← Back to index | Original Bugzilla link

Bug 8946 – « any » function does not what it should do

Status: RESOLVED
Resolution: INVALID
Severity: major
Priority: P2
Component: phobos
Product: D
Version: D2
Platform: All
OS: All
Creation time: 2012-11-02T11:07:00Z
Last change time: 2015-06-09T05:13:44Z
Assigned to: nobody
Creator: dimitri.sabadie

Comments

Comment #0 by dimitri.sabadie — 2012-11-02T11:07:46Z

The any function calls find, which is really weird implemented because it returns a subrange, doing (re)allocation(s) on the fly. I think it’s way too much for just applying a predicate on a range. That’s why I have rewritten any as it would be (a simple loop and apply the predicate), and I’d propose a patch here for the std one.

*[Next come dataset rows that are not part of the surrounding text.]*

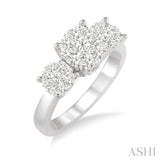 14KW 1.0CTW  Diamond "Lovebright" Three Stone Ring Size 7 Co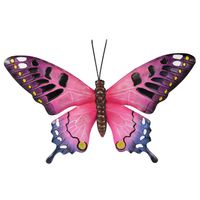 Tuindecoratie vlinder van metaal roze 37 cm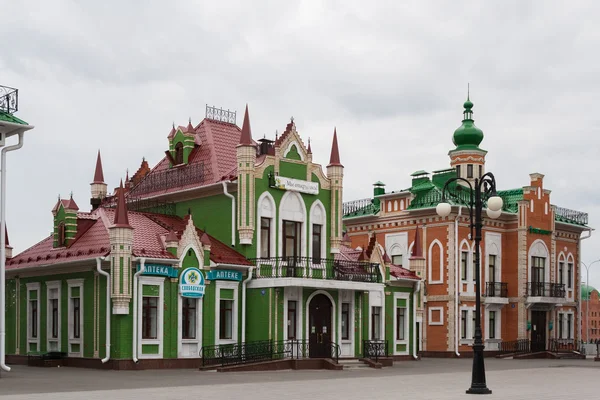 Arkhangelskaya Sloboda, beautiful, green house, built in the Flemish style. The Republic of Mari El, Yoshkar-Ola, Russia. 05/21/2016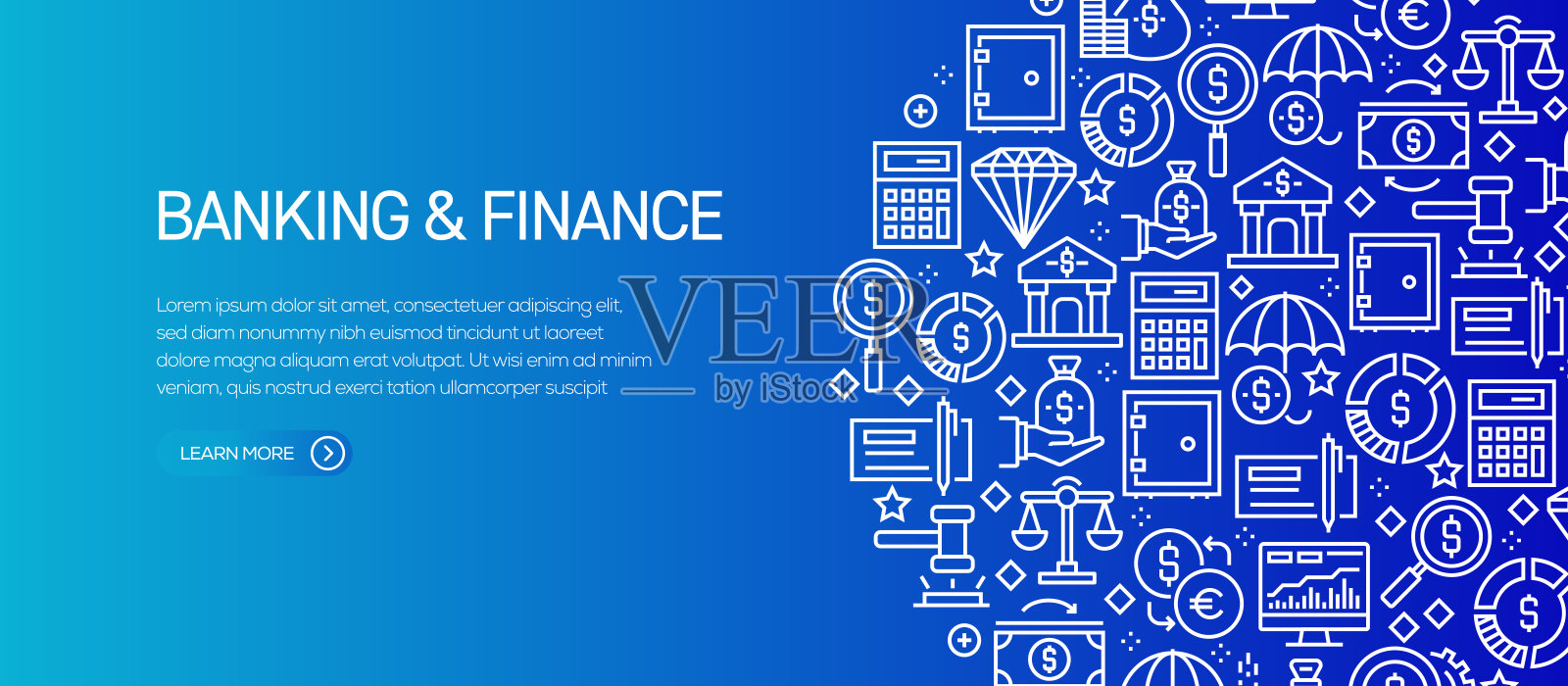 银行和金融横幅模板与线图标。现代矢量插图广告,标题,网站。插画图片素材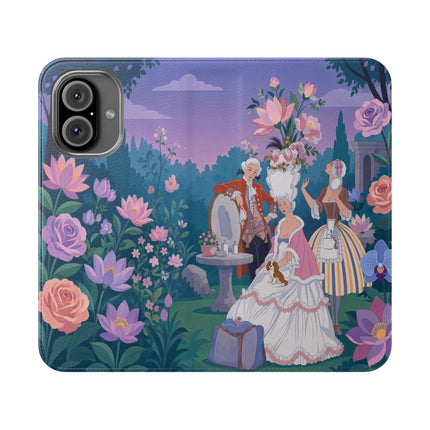 🌸🐶 The Grand Garden Dressing Flip Case – Art Deco Floral Elegance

Comment #1 by dmitry.olsh — 2012-11-03T07:18:01Z

Ever heard of slicing an array in D? Check this out: http://dlang.org/d-array-article.html Dig down in std.algotrithm.find and you'll find out that it's lazy iterates a forward range. Thus like the most of std.algorithm functions it DOESN'T allocate. In case of array it just returns a slice of original array. So this report is invalid.

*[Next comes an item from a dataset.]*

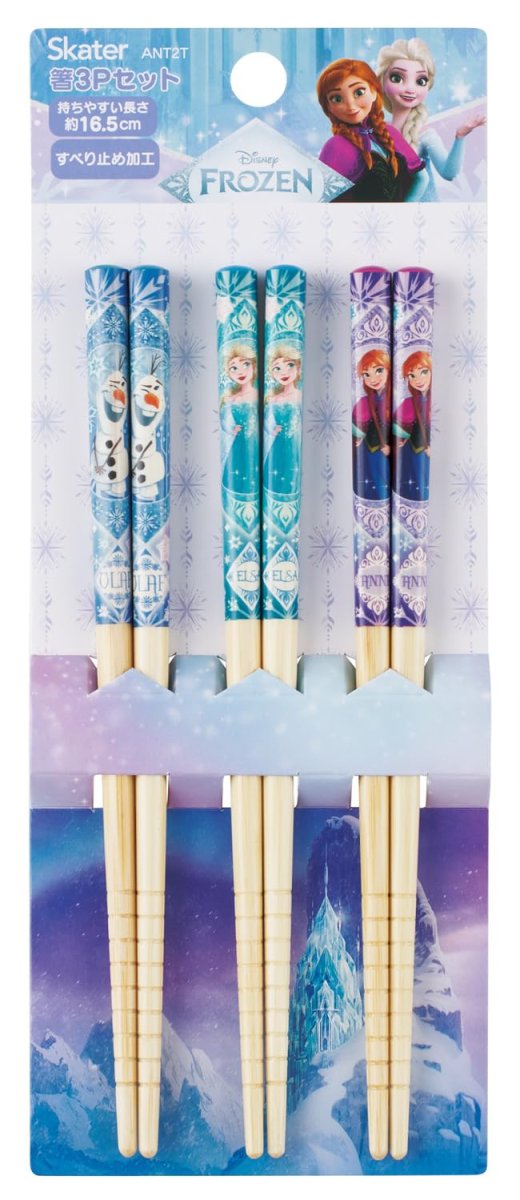 画像1: スケーター（Ｓｋａｔｅｒ） 竹箸 箸 １６．５ｃｍ ３膳組 ディズニー アナと雪の女王 ２５ 女の子 ＡＮＴ２Ｔ (1)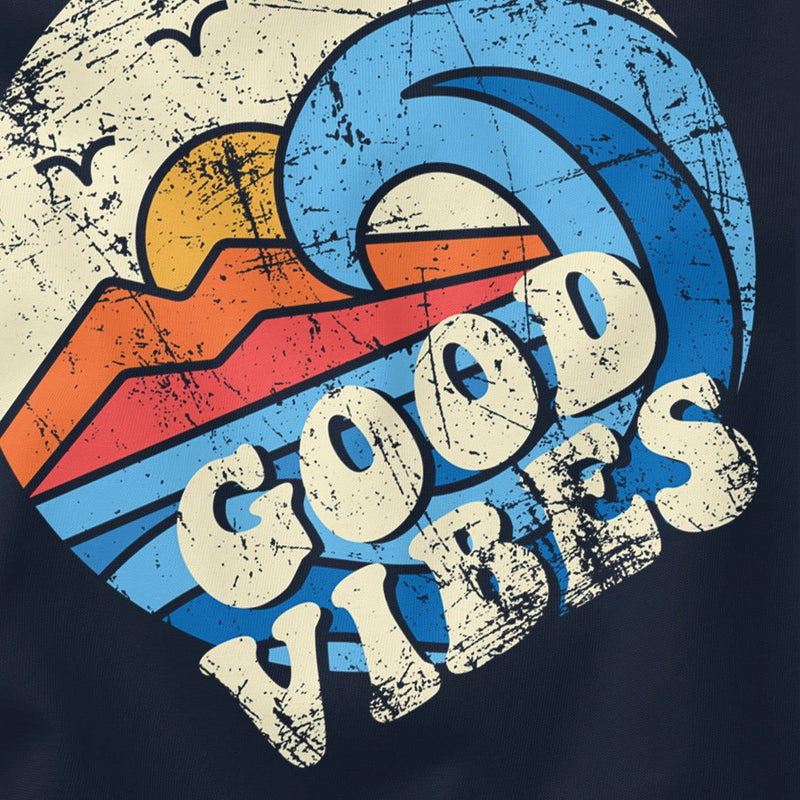 Good Vibes Wave Slogan Design Vintage Retro Fashion T-Shirt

Comment #2 by dimitri.sabadie — 2012-11-03T14:09:28Z

(In reply to comment #1) > Ever heard of slicing an array in D? > > Check this out: http://dlang.org/d-array-article.html > > Dig down in std.algotrithm.find and you'll find out that it's lazy iterates a > forward range. Thus like the most of std.algorithm functions it DOESN'T > allocate. In case of array it just returns a slice of original array. > > So this report is invalid. Ok, my argument wasn’t worth it I agree. But, why any would use such a function where a simple loop and a test will do it? It’s the same argument for not to use countUntil and check if the index is invalid, it consumes more memory that we want. any does things we don’t want to IMHO.

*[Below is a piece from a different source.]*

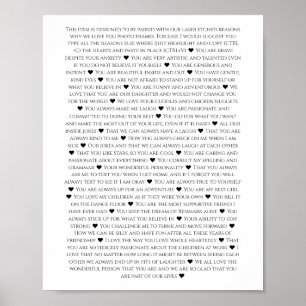 reasons why we love you milestone birthday  poster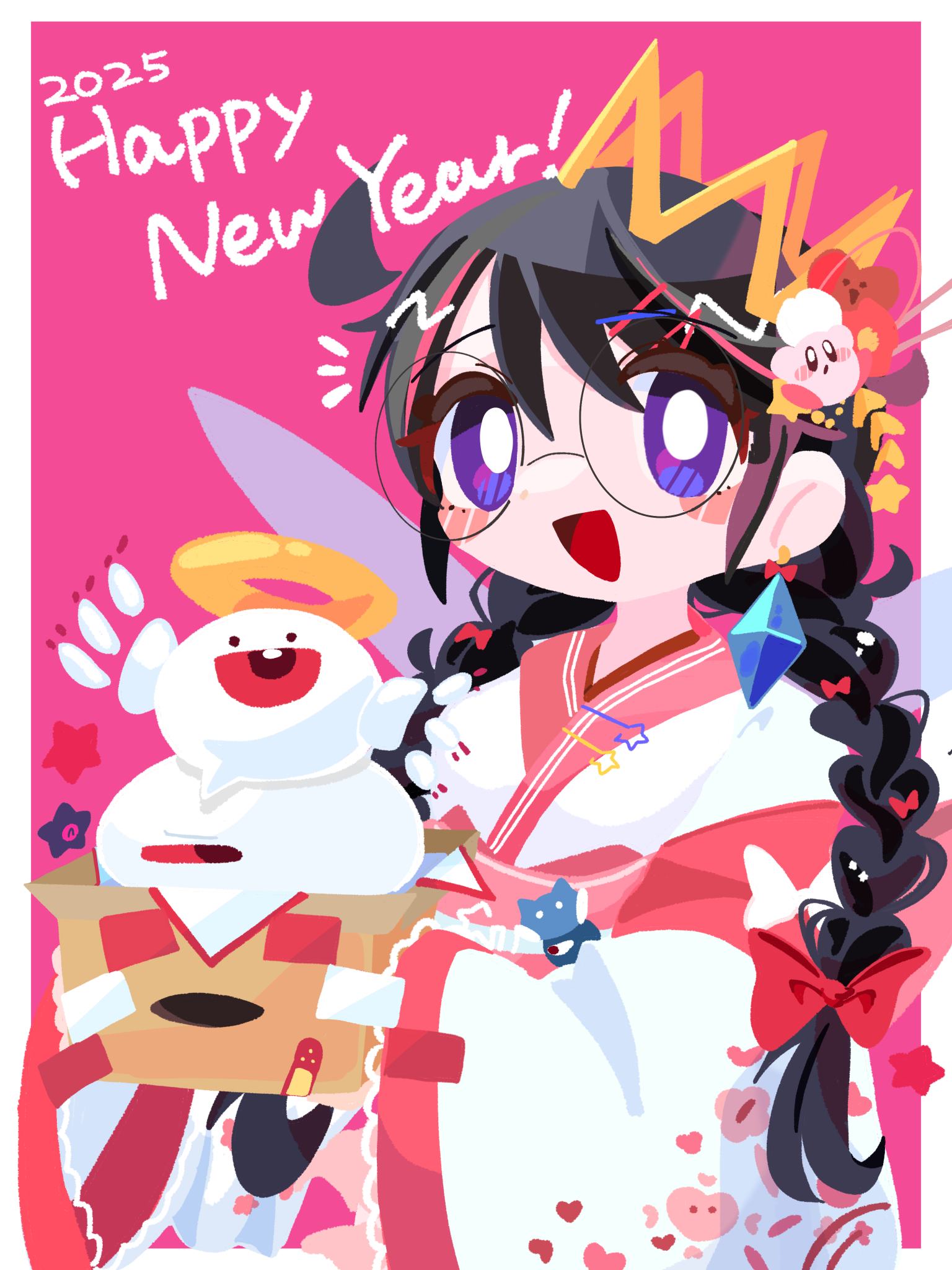 omame sakana, kirby, ripple star queen, zero (kirby), zero two (kirby), kirby (series), nintendo, highres, 1girl, black hair, braid, crown, earrings, glasses, happy new year, jewelry, long hair, low twin braids, new year, one-eyed, open mouth, pink background, red eyes, simple background, sleeves past fingers, sleeves past wrists, smile, twin braids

Comment #3 by dmitry.olsh — 2012-11-03T14:18:25Z

> Ok, my argument wasn’t worth it I agree. But, why any would use such a function where a simple loop and a test will do it? Because find is a simple loop? To not duplicate code? If you have liner search then it's obvious (for me) to reuse it for exactly the same task. any basically gives you a bit less then find/countUntill (bool vs pointer-index) by doing the same amount of work. > it consumes more memory that we want. any does things we don’t want to IMHO. Simply not true. I'm not sure where this 'memory' argument comes from at all. In fact it saves some code space by not duplicating the same code over again. At best this could be an enhancement request (or better yet - a pull request) if there is a soild proof that the resulting code is measurably _faster_.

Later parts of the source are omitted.